● Recorded information:
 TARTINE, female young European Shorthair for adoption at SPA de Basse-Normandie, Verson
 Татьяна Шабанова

* * *

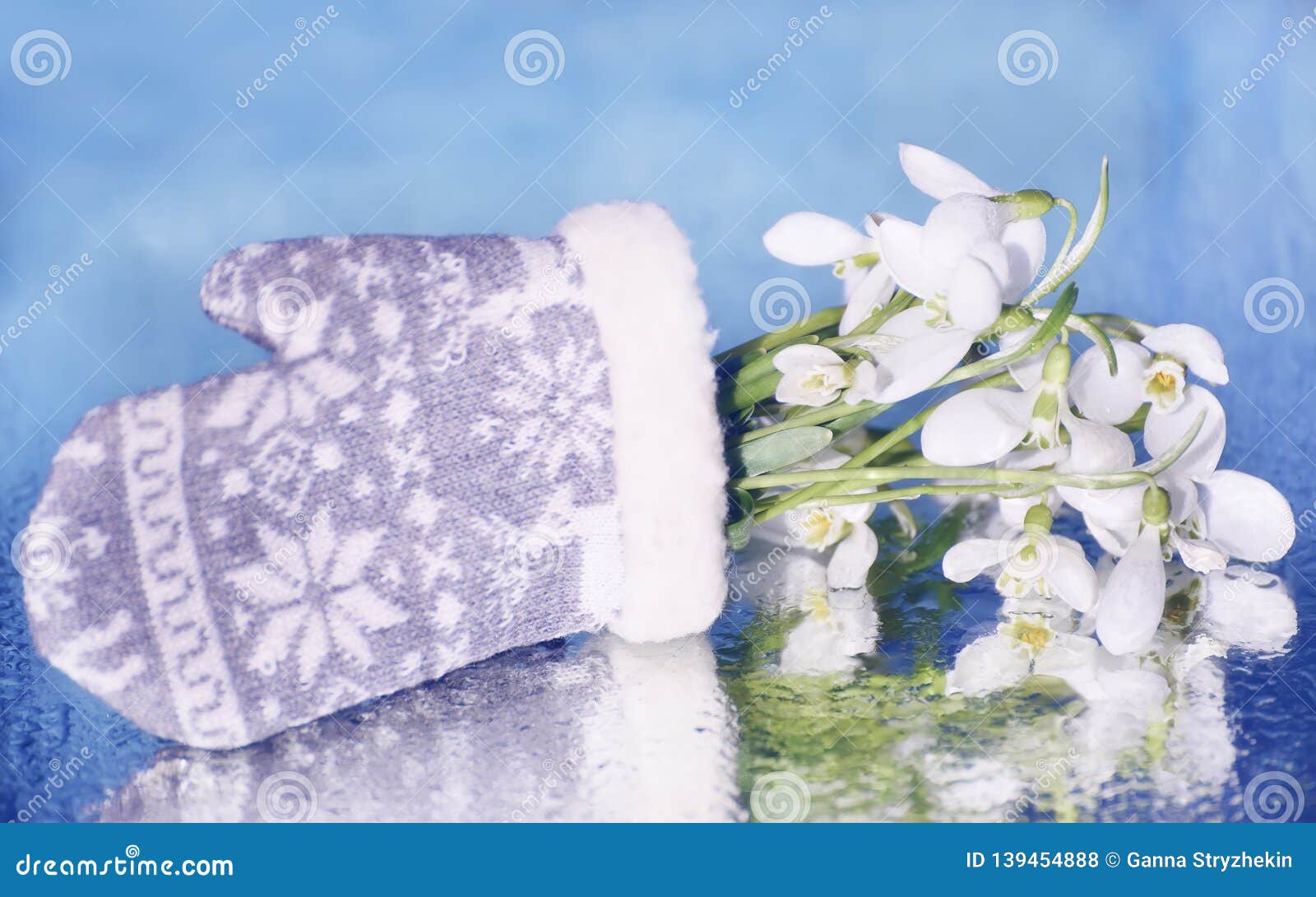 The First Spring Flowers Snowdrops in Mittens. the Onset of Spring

---

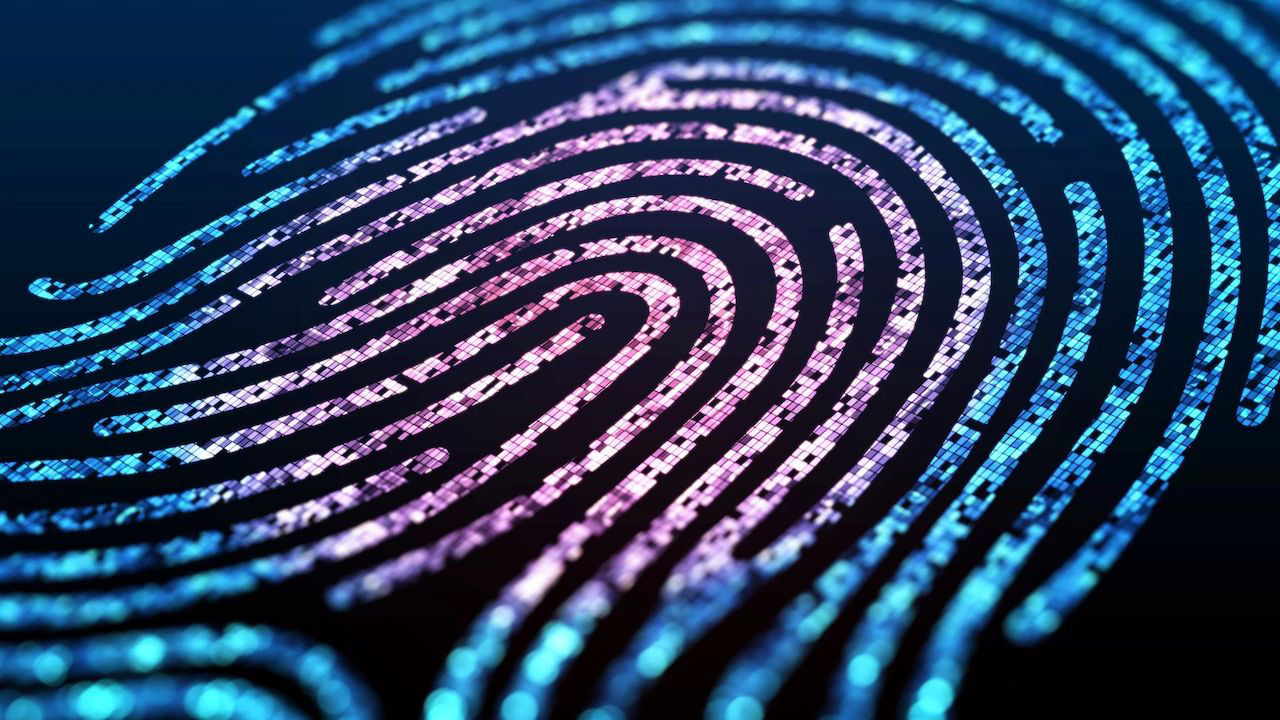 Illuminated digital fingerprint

● Task objective:
Of all the entries above, output exactly the lines between the one holding "TARTINE, female young" and the one holding "Татьяна Шабанова", inclusive.

● Exercise result:
 TARTINE, female young European Shorthair for adoption at SPA de Basse-Normandie, Verson
 Татьяна Шабанова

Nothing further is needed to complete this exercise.